===== DATA SHOWN =====

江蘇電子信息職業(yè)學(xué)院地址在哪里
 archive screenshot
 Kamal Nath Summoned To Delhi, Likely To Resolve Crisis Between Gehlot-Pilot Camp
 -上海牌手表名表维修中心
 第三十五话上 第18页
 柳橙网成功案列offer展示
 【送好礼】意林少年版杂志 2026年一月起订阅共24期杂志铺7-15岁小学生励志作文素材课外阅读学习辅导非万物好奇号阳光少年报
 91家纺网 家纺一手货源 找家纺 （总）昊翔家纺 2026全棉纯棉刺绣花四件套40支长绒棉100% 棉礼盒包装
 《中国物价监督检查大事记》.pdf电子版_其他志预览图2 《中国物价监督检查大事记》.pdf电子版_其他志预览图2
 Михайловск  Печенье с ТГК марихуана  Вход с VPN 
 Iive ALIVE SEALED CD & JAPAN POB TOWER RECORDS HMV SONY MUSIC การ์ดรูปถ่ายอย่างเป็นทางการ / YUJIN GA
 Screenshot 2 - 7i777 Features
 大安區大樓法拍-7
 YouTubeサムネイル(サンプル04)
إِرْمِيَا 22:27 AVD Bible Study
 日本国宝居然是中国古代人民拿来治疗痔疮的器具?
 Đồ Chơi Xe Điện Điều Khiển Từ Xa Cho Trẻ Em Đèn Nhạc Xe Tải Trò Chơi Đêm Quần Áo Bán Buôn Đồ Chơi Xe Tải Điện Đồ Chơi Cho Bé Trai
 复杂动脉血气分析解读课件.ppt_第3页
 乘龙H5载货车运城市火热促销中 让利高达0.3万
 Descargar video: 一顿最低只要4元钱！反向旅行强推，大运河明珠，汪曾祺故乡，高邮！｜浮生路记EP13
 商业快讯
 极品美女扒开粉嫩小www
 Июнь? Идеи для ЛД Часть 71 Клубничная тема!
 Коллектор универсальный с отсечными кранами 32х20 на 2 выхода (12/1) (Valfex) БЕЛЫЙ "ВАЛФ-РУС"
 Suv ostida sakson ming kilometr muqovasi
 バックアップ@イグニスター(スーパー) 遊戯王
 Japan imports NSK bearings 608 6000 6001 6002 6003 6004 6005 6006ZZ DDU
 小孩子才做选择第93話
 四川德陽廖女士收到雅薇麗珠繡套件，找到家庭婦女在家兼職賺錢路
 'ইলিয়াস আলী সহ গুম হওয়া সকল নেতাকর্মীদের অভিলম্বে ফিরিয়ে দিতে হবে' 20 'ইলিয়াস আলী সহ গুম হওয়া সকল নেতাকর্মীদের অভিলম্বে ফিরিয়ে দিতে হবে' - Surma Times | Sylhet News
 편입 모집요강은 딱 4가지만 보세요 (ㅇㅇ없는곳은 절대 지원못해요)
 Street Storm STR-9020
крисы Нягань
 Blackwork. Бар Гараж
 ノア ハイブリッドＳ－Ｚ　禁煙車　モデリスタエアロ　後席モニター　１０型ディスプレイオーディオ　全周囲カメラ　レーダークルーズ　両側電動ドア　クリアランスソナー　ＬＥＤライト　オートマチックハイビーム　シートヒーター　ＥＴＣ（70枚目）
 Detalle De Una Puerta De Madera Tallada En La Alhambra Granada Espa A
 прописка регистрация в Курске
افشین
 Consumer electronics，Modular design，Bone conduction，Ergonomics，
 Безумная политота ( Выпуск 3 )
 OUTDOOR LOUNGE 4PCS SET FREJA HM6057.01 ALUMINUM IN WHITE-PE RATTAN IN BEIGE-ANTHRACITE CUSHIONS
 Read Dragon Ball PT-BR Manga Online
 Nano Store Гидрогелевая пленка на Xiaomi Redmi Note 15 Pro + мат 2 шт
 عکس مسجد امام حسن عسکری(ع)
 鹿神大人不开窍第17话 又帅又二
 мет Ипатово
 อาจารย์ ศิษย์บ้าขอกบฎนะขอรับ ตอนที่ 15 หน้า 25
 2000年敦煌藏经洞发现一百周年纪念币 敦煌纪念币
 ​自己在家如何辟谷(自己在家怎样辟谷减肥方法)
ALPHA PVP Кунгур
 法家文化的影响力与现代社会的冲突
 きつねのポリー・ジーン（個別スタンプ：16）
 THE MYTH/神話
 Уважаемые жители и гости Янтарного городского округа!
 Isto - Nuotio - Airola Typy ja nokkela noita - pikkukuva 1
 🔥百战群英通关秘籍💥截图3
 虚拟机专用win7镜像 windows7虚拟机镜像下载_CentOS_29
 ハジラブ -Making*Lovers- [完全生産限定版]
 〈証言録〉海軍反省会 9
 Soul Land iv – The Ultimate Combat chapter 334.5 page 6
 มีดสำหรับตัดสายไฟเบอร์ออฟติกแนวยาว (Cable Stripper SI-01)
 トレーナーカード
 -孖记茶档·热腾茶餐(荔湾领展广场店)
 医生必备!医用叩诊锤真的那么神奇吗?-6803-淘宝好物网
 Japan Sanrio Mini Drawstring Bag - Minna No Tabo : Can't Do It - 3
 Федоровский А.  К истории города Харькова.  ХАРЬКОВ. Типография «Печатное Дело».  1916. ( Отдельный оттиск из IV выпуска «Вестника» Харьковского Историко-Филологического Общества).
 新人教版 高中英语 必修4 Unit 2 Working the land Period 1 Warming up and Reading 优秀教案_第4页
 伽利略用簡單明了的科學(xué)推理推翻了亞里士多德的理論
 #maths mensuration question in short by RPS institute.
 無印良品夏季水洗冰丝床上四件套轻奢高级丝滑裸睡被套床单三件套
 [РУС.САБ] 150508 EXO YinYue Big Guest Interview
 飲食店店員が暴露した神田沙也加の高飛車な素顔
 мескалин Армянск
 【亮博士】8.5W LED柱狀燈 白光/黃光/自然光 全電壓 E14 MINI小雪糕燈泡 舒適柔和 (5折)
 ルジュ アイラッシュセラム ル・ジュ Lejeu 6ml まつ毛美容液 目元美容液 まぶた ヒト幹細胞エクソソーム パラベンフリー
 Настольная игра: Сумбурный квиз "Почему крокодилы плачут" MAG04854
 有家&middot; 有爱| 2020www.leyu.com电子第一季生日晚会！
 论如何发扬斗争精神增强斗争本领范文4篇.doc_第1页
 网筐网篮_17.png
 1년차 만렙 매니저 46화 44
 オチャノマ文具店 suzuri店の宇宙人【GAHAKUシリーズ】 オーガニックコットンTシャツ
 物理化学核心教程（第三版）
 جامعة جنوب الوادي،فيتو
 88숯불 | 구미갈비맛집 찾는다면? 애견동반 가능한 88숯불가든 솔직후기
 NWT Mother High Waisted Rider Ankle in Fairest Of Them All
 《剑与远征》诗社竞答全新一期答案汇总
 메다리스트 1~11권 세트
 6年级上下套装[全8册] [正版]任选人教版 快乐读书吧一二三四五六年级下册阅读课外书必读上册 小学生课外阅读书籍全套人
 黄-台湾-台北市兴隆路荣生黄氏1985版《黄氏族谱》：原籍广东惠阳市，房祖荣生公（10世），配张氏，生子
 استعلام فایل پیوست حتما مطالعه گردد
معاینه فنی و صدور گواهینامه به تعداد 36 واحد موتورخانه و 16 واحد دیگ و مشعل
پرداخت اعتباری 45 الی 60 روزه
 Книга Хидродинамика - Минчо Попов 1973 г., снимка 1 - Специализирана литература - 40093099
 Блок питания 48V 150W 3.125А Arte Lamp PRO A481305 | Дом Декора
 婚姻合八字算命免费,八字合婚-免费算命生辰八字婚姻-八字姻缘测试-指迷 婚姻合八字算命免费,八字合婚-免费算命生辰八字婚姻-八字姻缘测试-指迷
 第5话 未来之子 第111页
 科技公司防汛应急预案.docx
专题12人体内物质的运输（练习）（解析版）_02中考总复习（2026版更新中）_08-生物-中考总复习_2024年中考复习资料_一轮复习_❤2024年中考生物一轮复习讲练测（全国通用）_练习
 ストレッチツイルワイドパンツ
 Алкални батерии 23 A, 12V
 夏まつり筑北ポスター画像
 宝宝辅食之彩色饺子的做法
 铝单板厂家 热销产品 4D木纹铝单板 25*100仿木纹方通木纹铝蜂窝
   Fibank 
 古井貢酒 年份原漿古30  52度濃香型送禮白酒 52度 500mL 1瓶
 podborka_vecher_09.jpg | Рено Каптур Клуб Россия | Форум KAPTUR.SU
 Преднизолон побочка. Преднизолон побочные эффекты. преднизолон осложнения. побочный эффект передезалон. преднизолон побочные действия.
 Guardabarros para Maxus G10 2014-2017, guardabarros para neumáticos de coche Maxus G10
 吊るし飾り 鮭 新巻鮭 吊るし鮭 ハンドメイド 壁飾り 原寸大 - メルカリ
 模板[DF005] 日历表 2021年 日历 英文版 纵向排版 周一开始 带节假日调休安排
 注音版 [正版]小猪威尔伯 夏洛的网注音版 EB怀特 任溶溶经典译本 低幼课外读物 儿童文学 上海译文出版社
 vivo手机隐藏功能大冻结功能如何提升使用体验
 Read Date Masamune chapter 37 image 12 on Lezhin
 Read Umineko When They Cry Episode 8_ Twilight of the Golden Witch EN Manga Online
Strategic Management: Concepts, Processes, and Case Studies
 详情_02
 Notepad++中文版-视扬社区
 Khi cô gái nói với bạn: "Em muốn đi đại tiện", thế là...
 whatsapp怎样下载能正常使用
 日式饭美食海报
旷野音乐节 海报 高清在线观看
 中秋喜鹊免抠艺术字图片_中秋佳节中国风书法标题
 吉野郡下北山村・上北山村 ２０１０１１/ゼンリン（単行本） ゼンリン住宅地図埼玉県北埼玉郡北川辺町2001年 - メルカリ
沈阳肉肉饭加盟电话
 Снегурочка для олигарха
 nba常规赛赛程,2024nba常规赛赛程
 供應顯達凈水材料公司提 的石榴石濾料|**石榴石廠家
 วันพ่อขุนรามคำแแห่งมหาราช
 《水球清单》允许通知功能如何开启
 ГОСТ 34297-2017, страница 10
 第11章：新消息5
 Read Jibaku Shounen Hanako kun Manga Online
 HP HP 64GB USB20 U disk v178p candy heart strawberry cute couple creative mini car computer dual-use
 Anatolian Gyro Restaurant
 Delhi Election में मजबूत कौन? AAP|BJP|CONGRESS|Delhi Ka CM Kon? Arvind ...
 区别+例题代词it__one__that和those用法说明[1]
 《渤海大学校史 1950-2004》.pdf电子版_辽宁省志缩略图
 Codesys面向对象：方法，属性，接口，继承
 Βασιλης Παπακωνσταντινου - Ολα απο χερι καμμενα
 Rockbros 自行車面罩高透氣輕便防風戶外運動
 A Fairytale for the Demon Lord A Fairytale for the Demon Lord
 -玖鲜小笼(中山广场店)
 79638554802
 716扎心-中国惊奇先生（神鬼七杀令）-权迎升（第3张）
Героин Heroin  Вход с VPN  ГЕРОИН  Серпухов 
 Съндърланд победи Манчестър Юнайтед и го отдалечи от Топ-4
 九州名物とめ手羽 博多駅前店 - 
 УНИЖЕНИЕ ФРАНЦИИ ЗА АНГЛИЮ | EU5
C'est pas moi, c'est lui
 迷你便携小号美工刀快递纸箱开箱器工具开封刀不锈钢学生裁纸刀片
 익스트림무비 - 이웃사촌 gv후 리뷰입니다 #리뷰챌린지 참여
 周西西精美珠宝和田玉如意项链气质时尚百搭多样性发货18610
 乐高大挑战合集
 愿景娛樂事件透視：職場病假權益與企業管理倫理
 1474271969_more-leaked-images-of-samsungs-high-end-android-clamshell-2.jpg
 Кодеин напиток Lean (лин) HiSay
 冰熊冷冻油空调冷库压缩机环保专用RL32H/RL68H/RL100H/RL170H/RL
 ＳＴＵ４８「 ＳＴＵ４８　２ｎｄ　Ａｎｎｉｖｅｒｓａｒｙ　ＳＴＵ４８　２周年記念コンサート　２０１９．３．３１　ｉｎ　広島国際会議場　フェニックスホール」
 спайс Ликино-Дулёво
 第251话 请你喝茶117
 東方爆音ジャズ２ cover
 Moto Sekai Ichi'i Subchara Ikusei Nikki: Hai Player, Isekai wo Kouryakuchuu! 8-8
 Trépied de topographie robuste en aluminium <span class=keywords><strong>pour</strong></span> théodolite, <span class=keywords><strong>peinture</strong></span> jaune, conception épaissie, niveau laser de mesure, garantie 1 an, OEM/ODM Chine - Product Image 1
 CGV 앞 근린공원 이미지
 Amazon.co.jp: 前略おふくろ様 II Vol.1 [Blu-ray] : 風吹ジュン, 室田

=====

§ **INSTRUCTIONS FOR THE TASK**: Please give back exactly the lines of the listing above that run from the one containing "Đồ Chơi Xe Điện" through the one containing "Июнь? Идеи для ЛД Часть 71 Клубничная тема!", and only those.

§ **TASK OUTPUT**:
 Đồ Chơi Xe Điện Điều Khiển Từ Xa Cho Trẻ Em Đèn Nhạc Xe Tải Trò Chơi Đêm Quần Áo Bán Buôn Đồ Chơi Xe Tải Điện Đồ Chơi Cho Bé Trai
 复杂动脉血气分析解读课件.ppt_第3页
 乘龙H5载货车运城市火热促销中 让利高达0.3万
 Descargar video: 一顿最低只要4元钱！反向旅行强推，大运河明珠，汪曾祺故乡，高邮！｜浮生路记EP13
 商业快讯
 极品美女扒开粉嫩小www
 Июнь? Идеи для ЛД Часть 71 Клубничная тема!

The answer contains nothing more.